Resulta
indudable, según mi humilde opinión, que la fascinación por el mundo del lujo
alcanza a una gran masa de ciudadanos que solemos caer bajo el espectacular y
glamoroso manto que cubre esa inalcanzable suerte de objetos, de innumerables
posesiones materiales de toda índole, que con su magnético y mágico poder de
atracción, atrapan a todo aquel que los contempla, bajo un indudable y cálido embrujo, con una poderosa seducción, que atrae y
deslumbra a todo aquel que los contempla, ya sea una hermosa y espectacular
joya, un fabuloso y caro automóvil, una espectacular mansión, castillo o
señorial residencia, un soberbio y fastuoso yate, o una singular, única e
irrepetible obra de arte, ya se trate de una obra pictórica, de una escultura o
de un bellísimo y delicado palacete.
Difícilmente
puede el ser humano sustraerse al encanto y al innegable atractivo que el lujo,
el gran e incontestable gran lujo posee intrínsecamente, y al que sólo la
desidia, el desdén o una posición ética y moral tendente a rechazar unos bienes
materiales que detesta por inadmisibles e inhumanos, es capaz de obviar,
desentendiéndose de ellos, hasta el punto de no sentir el más mínimo deseo de
contemplarlos, de poseerlos, de sentir la menor de las intenciones de llegar a
tener en su poder tan magníficos objetos de deseo, que tanto placer
proporcionaría a tanta gente como desearía gozar de ellos.
Pero aunque
es innegable que hasta en las cosas más sencillas reside la belleza, y que
incluso su mera y simple contemplación nos place y nos seduce, con una
placentera y gozosa satisfacción, negar que una esplendorosa joya, en sentido
amplio, creada, labrada a mano por un genial diseñador artesano en cuyo diseño
y realización empleó largas y dedicadas horas, sería un inútil y absurdo
empeño, cuya obstinación no tiene ni base ni justificación alguna, ya que casi
con absoluta seguridad, su oposición se basaría en su negativa a aceptar el
desorbitado valor pecuniario, lógico en este caso, y que contribuirá
decisivamente a la hora de valorar un objeto que puede llegar a alcanzar la
categoría de obra de arte, impidiendo de esta forma que su objetividad se
manifieste, dando paso a una subjetividad alienada e influida por unos
prejuicios que le obnubilarán la capacidad crítica y su capacidad para admirar
la innegable belleza contenida en la obra.
Un
embriagador perfume puede con apenas unas gotas de su delicado aroma, elevar el
espíritu a alturas inalcanzables para el más común de los mortales, lejos, muy
lejos de nuestras habituales y sencillas aguas de colonia, demasiado leves, en
exceso fuertes y agresivas en ocasiones y siempre excesivamente efímeras, salvo
las muy dignas y caras para nuestros bolsillos, que consiguen intentar emular
con cierto decoro a las grandes, costosas y exquisitas marcas de privilegio.
Las
estilizadas y sumamente atractivas líneas de un soberbio y carísimo automóvil,
procedente de una de las grandes y reputadas marcas, poseen un poderosísimo
atractivo para quienes admiramos una hermosa estética que configura una
elegante, bella, majestuosa y en ocasiones agresiva figura, que extasía a unos
admiradores, capaces de emocionarse ante el evocador y poderoso rugido de estas
fabulosas máquinas, a las que solemos desproteger de su vestido metálico, para
convertirlas en seres vivos con un alma de acero que los impulsa a velocidades
de vértigo, en un vuelo a ras del suelo, que provoca la celosa envidia del
viento, con el que compite en una dura y desigual batalla.
Es el poder del lujo y de la
opulencia el que nos domina de vez en cuando, en un arrebato de poseer lo que
seguramente jamás conseguiremos.

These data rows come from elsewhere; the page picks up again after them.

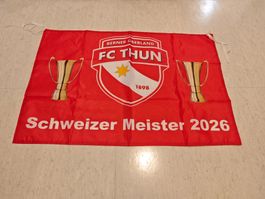 FC Thun Meisterfahne 2026 -Letztes Stück-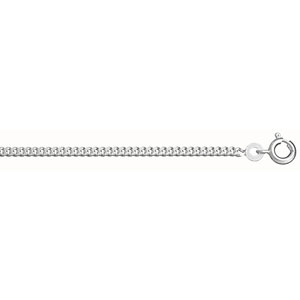 CHAINE GOURMETTE 2.1MM 50CM ARGENT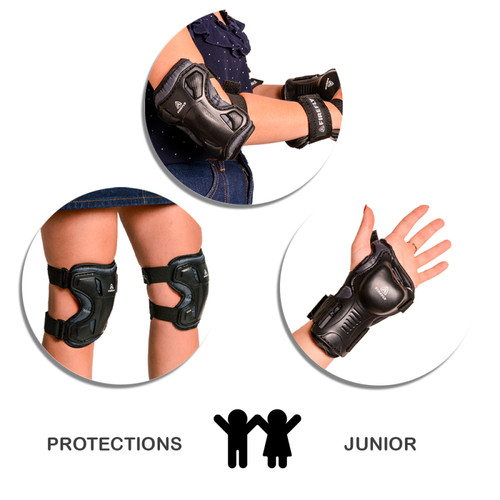 Accessoires Mobilité électrique Firefly Kit de protection roller complet genoulliere coudiere et protege poignets pour enfant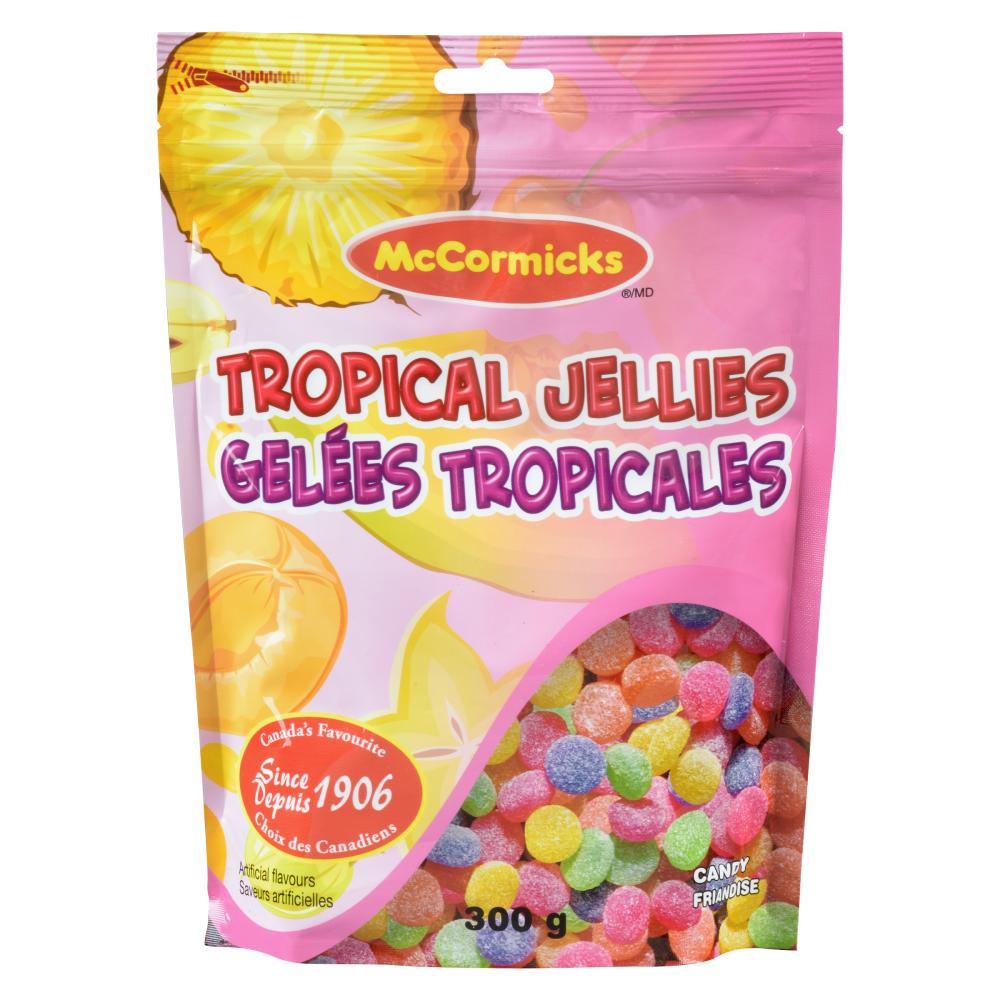 REGAL TROPICAL JUJUBES ZIP BAG, 12 X 300 G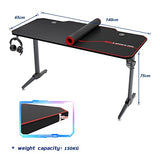 Sogesfurniture Gaming Desk Ergonomic Pc Gaming Desk With Large Mouse Pad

Alcanzarlo seguramente no nos estará
permitido, pero ello no nos impedirá soñar con su posesión. Vivir en una
fantástica mansión, rodeado de un eficiente y numeroso servicio, con obras de
arte colgando de las paredes y poseedores de una espléndida y soberbia fortuna,
no supone ninguna trasgresión de ningún orden, ni una pérdida de tiempo, que de
ninguna manera puede calificarse al poder imaginar todo aquello que nos gustaría
disfrutar y de lo que no dispondremos seguramente jamás.
De sueños no se vive, pero el
poder de las ensoñaciones nos hacen la vida más placentera, incluso más
llevadera, y eso ya es algo más que deseable. Es necesario.